> _Exercise description_: Go to the line below that contains "No Boundaries Pale". From there to the end of the records, reproduce each line exactly, except the pictures.

** Opening Records to process block **

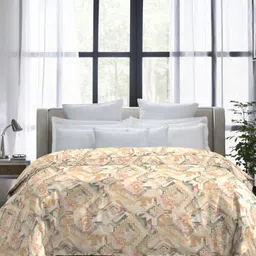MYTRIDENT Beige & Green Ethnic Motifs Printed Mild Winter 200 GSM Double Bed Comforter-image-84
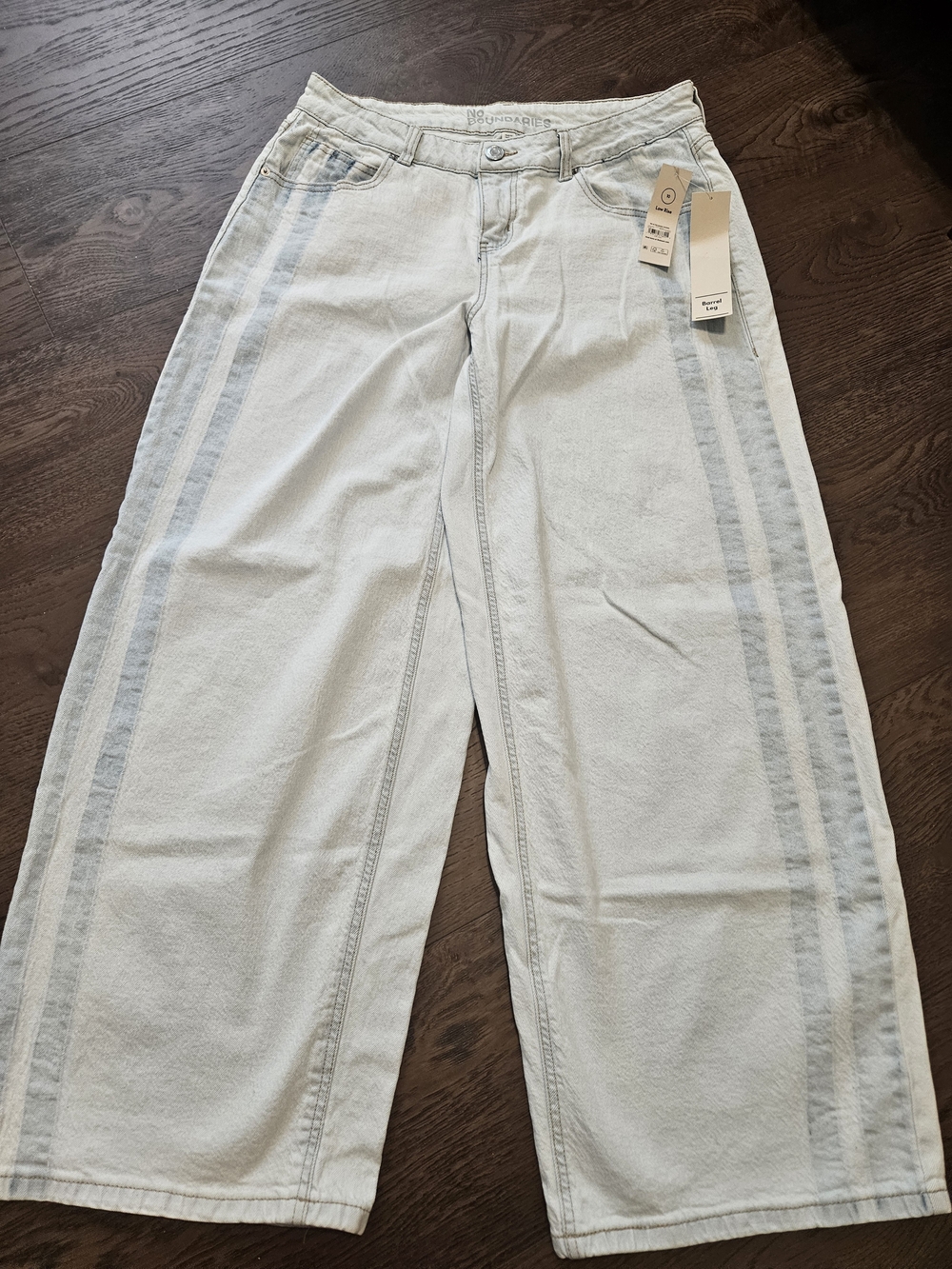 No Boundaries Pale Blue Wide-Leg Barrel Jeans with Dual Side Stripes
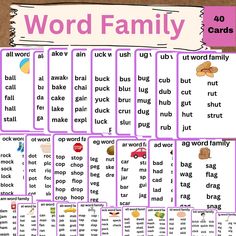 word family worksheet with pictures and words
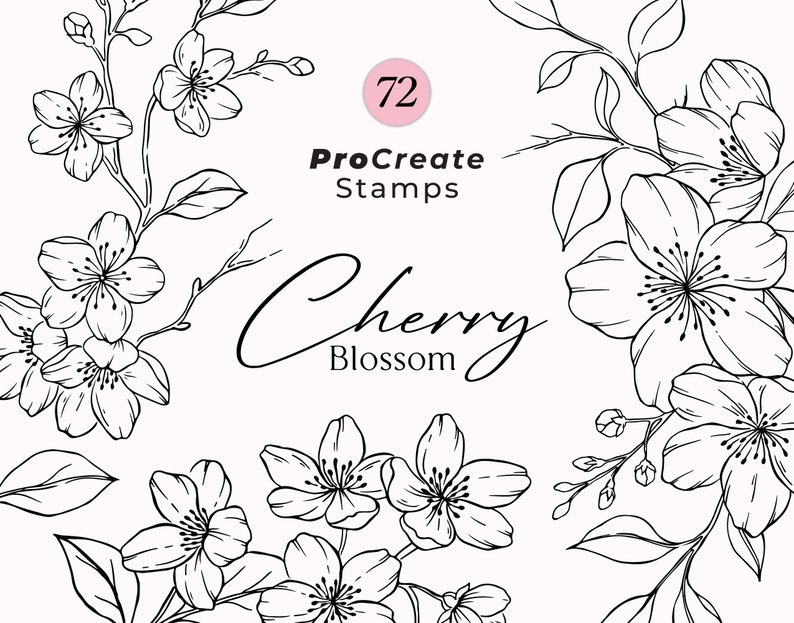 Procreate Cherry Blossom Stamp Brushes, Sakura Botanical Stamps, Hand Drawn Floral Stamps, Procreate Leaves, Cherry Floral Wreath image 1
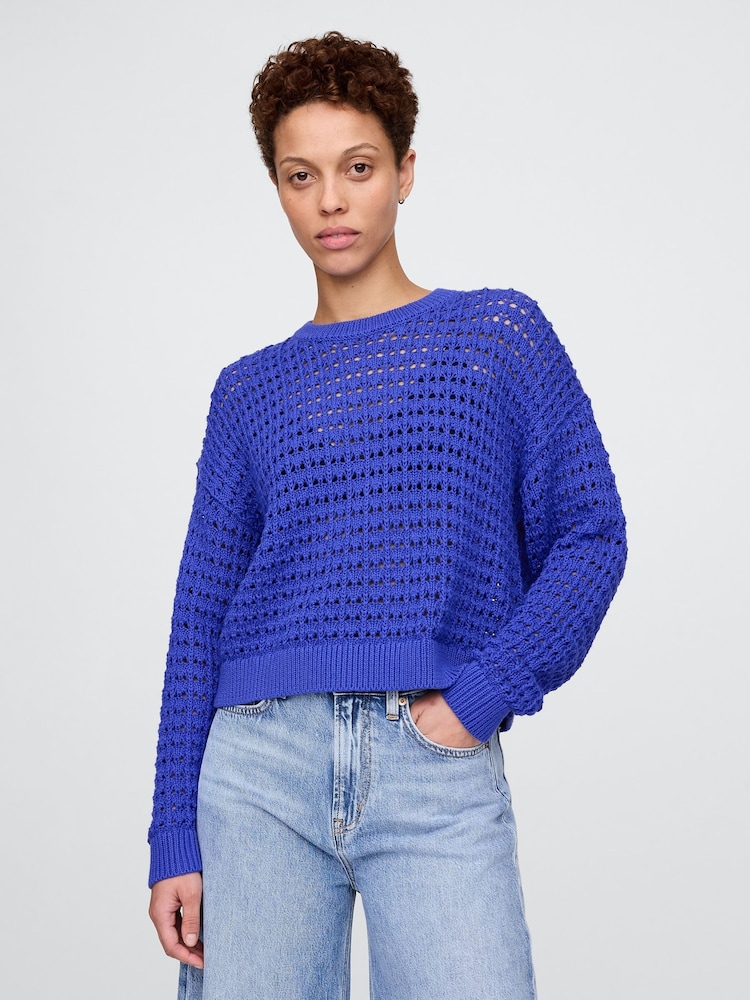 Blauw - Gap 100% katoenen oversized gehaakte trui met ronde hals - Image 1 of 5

** Closing Records to process block **

> _Exercise output_:
 No Boundaries Pale Blue Wide-Leg Barrel Jeans with Dual Side Stripes
 word family worksheet with pictures and words
 Procreate Cherry Blossom Stamp Brushes, Sakura Botanical Stamps, Hand Drawn Floral Stamps, Procreate Leaves, Cherry Floral Wreath image 1
 Blauw - Gap 100% katoenen oversized gehaakte trui met ronde hals - Image 1 of 5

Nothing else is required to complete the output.